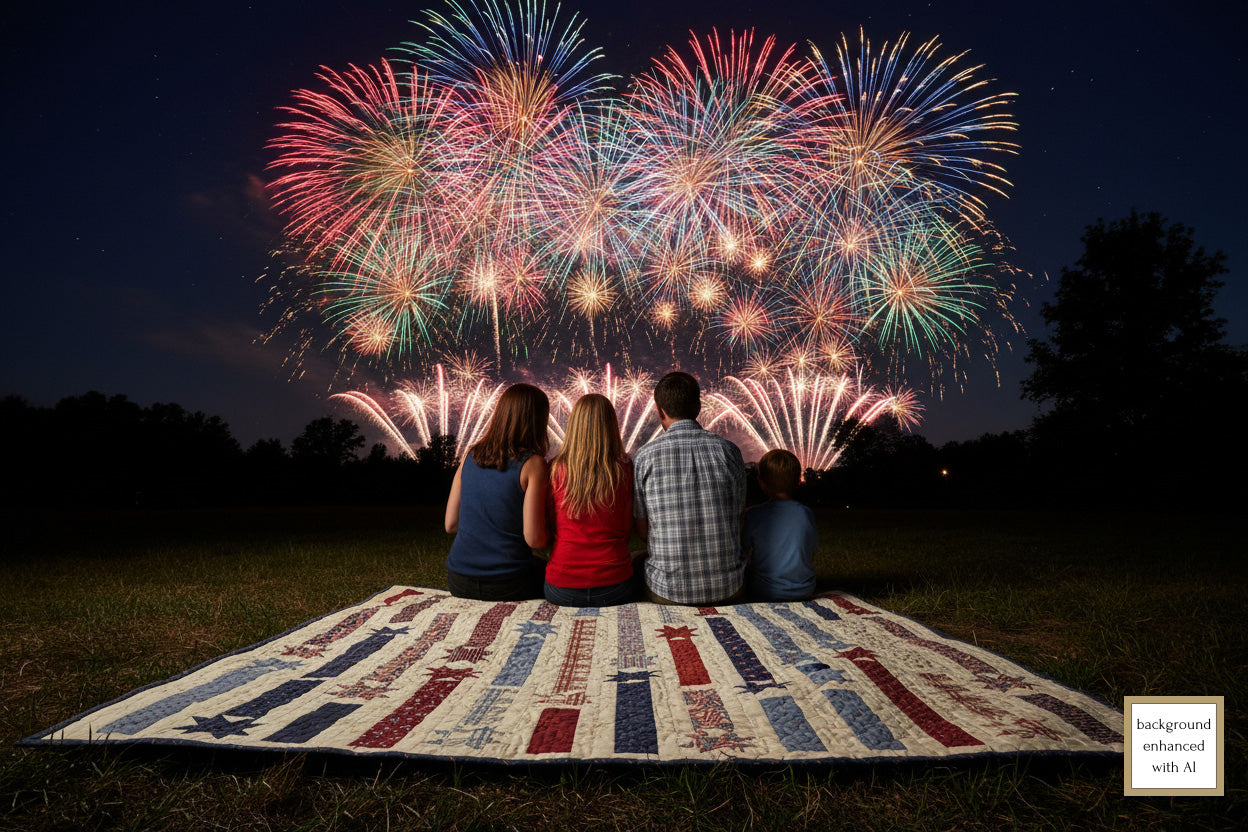 Family sitting on the Fireworks lap quilt which is  made from Deb Strain's America 250  Years fabric Jelly Roll.  The blocks represent the bursts with stars and rectangular blocks for the trails.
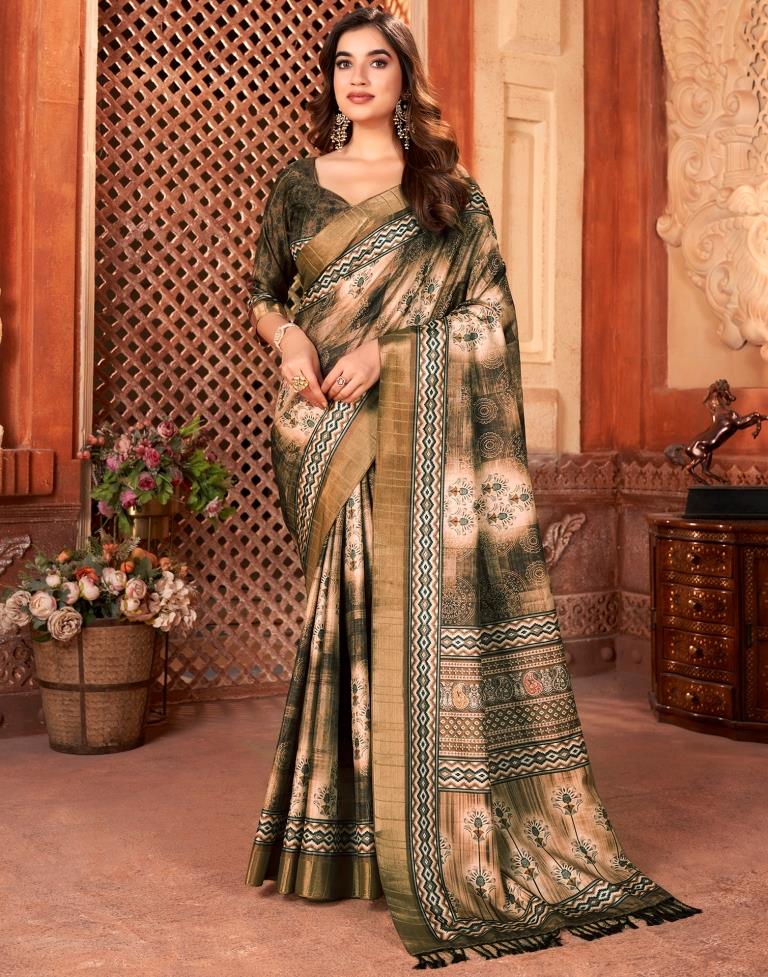 Brown Silk Printed Saree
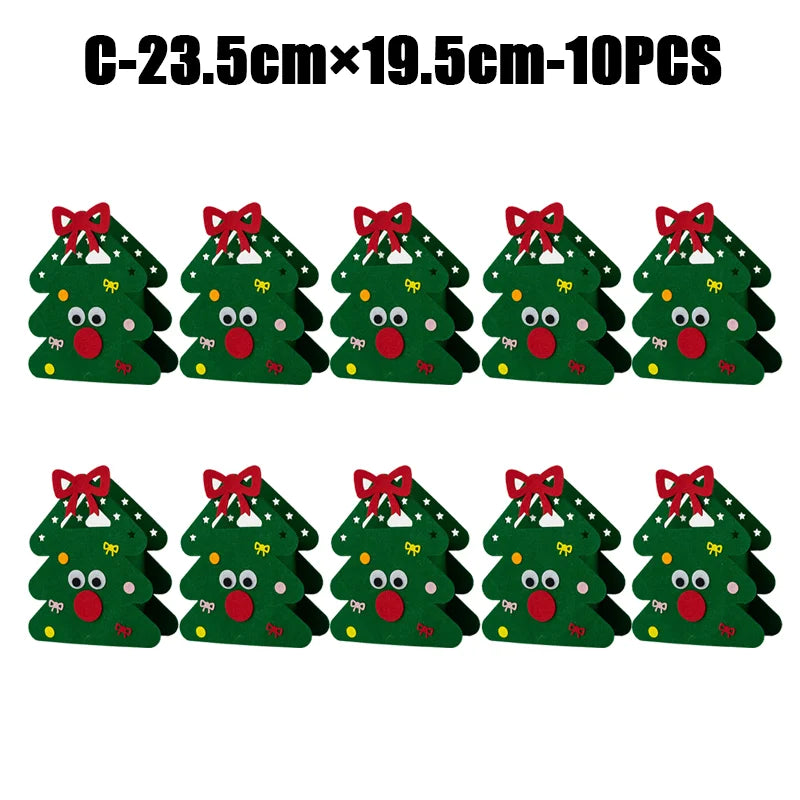 2024 New Christmas gift bag creative felt cloth children's candy gift bag Christmas Eve portable apple bag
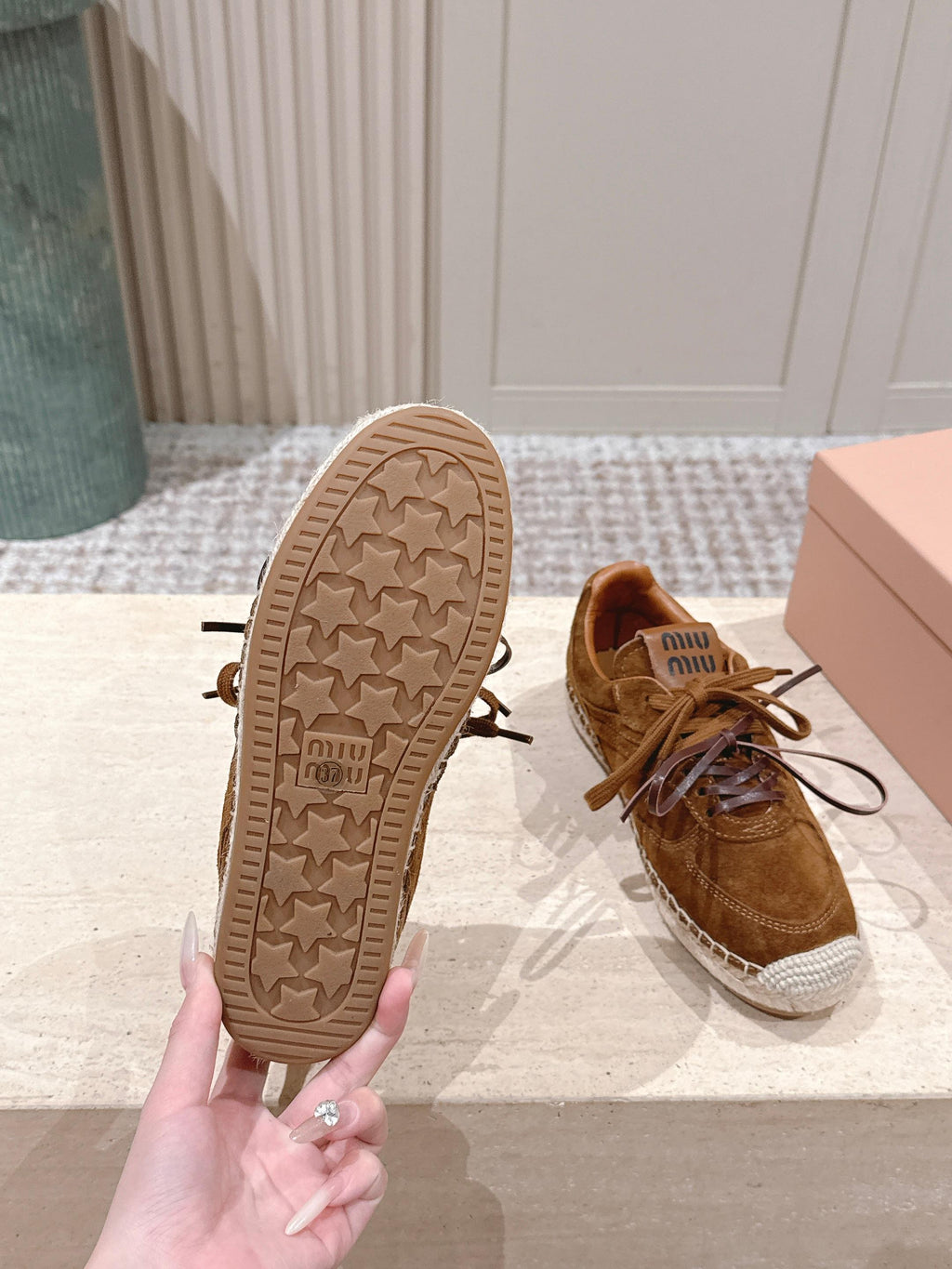 MIUMIU 25S ESPASNEAK ESPADRILLE SNEAKERS IN CARAMEL BROWN SUEDE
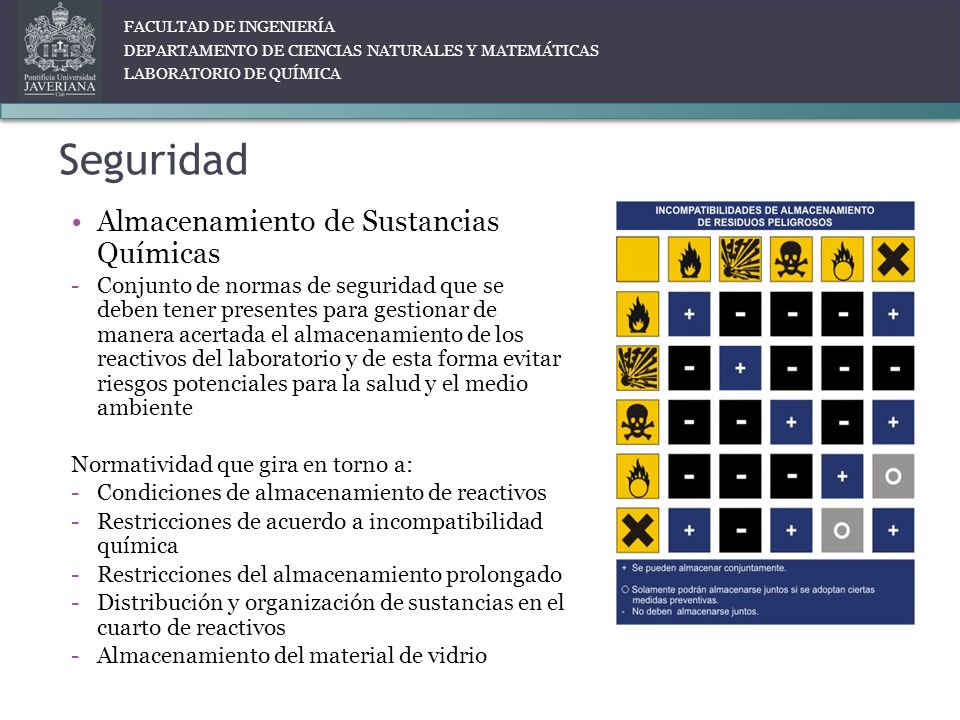 Seguridad Almacenamiento de Sustancias Químicas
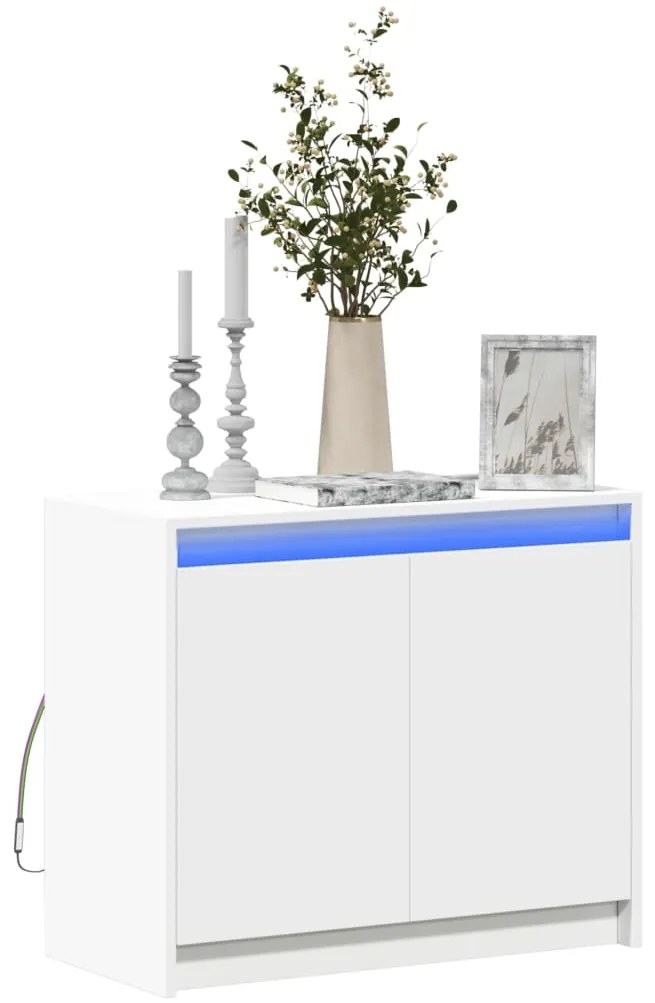 vidaXL Dulap cu LED, alb, 72x34x61 cm, lemn prelucrat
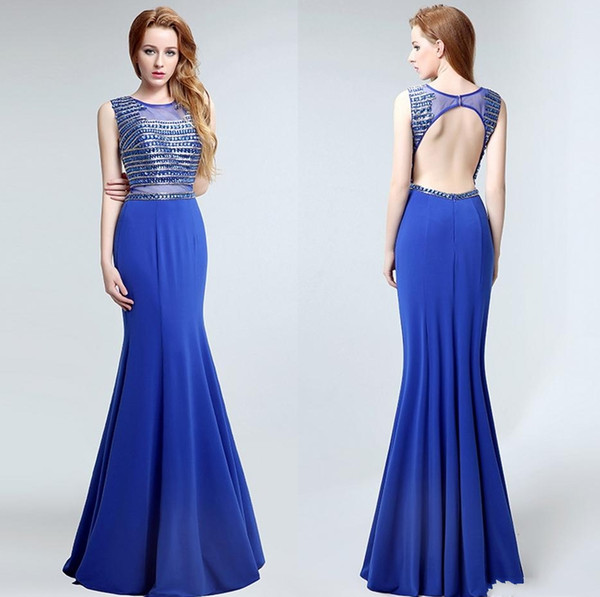 Sexy Fashion Blue Long Tail Fishtail Evening Dresses Big Round Neck Back Hollow Ballroom Dresses HY059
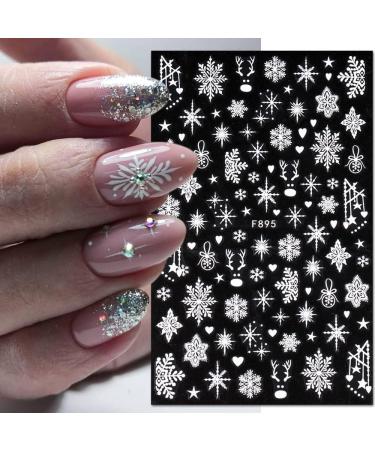 8 Sheets Christmas Nail Art Stickers Decals Self-Adhesive White Snowflakes Winter Nail Supplies Nail Art Design Decoration Accessories Glitter White & White - Buy Online on GoSupps.com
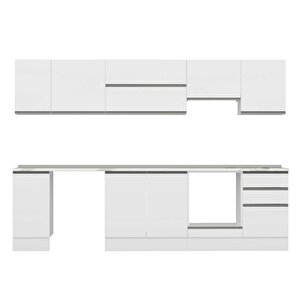 Alvinka 290x210 Cm High Gloss Mdf Mutfak Dolabı Beyaz Beyaz M-e80s40s50-1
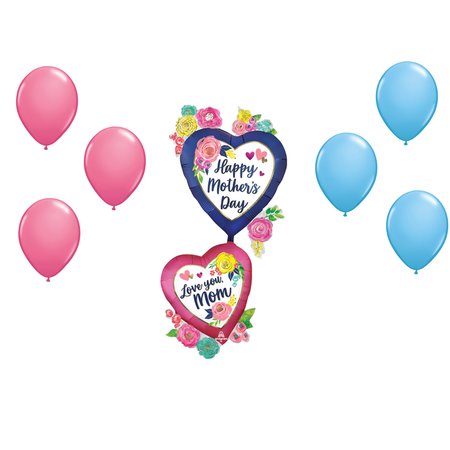 LOONBALLOON Mother's Day Theme Balloon Set, 52 Inch Mother's Day Satin Watercolor Floral Multi-Balloon 97719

^^^^

A verbatim retyping of the listing, without any pictures, is the expected answer.

▸ Answer box:
 Family sitting on the Fireworks lap quilt which is  made from Deb Strain's America 250  Years fabric Jelly Roll.  The blocks represent the bursts with stars and rectangular blocks for the trails.
 Brown Silk Printed Saree
 2024 New Christmas gift bag creative felt cloth children's candy gift bag Christmas Eve portable apple bag
 MIUMIU 25S ESPASNEAK ESPADRILLE SNEAKERS IN CARAMEL BROWN SUEDE
 Seguridad Almacenamiento de Sustancias Químicas
 vidaXL Dulap cu LED, alb, 72x34x61 cm, lemn prelucrat
 Sexy Fashion Blue Long Tail Fishtail Evening Dresses Big Round Neck Back Hollow Ballroom Dresses HY059
 8 Sheets Christmas Nail Art Stickers Decals Self-Adhesive White Snowflakes Winter Nail Supplies Nail Art Design Decoration Accessories Glitter White & White - Buy Online on GoSupps.com
 Alvinka 290x210 Cm High Gloss Mdf Mutfak Dolabı Beyaz Beyaz M-e80s40s50-1
 LOONBALLOON Mother's Day Theme Balloon Set, 52 Inch Mother's Day Satin Watercolor Floral Multi-Balloon 97719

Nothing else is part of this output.